So that's 11 players making roughly $142 million. If the Nats don't sign any free agents or trade for any big leaguers, they would fill out the remaining 15 holes on their roster with young players making at or near the league minimum, which totals another $9 million or so.

Add all of that together and we can say the Nationals' opening day 2021 payroll will be at least $151 million.

How much beyond that are they willing to go? That's the real question.

Obviously, they're going to sign multiple free agents this winter who will make more than the league minimum and thus raise the total payroll figure. And under normal circumstances, you would think it's safe to say they'll exceed the previous year's payroll by at least a marginal amount.

What about the luxury tax? Major League Baseball has already set that threshold for next season at $210 million. The Nationals surpassed the threshold in 2017 and 2018 and paid taxes, then got back under it in 2019 and 2020. Again, nobody from the front office has publicly stated their intentions for 2021, but let's assume they're unlikely to exceed it again.

So the opening day payroll most likely falls somewhere between $151 million and $210 million. That's a big gap, and the difference between the two extremes is really significant.

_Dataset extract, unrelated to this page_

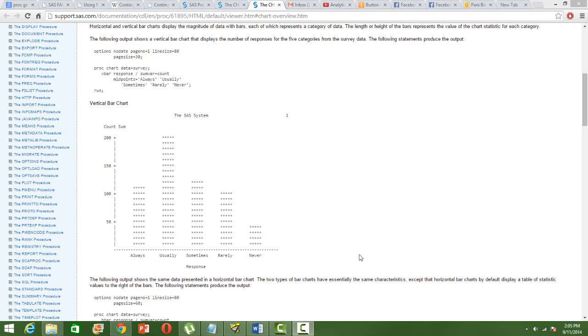Many times students ask me that the student version of SAS that you can download from the SAS website doesn't have the graphics features. So how do we do the different plots?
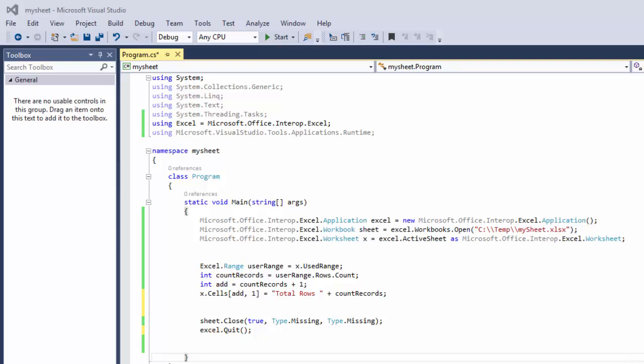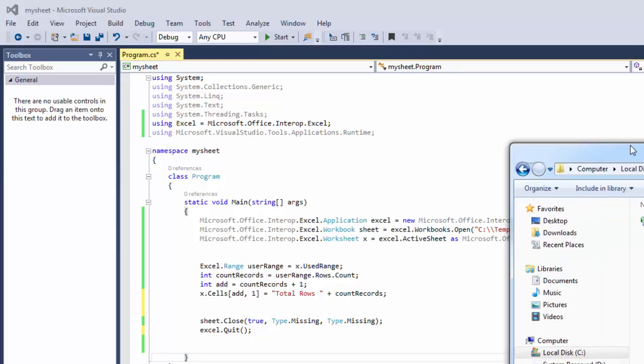Hello and welcome back. In this tutorial I'm going to show you how to auto fit your columns in the Excel sheet.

If ownership is willing to approach the high end of that spectrum, general manager Mike Rizzo has the ability to sign a big bat (like George Springer), a quality starting pitcher (like Charlie Morton) and several other role players. If ownership insists on staying at the low end of the spectrum, Rizzo is going to have to get more creative and perhaps go with a bunch of lower-priced free agents to fill all the holes. Or maybe go the trade route to address a need.

Maybe the ultimate answer lies somewhere in the middle. Maybe Rizzo can sign one big name but piecemeal the rest together.

We don't know yet how this will play out. We can only assume Rizzo has been given parameters and is about to proceed as best he can to work within them.

If and when the Nationals make their first move of the offseason, we should begin to get a sense of the plan.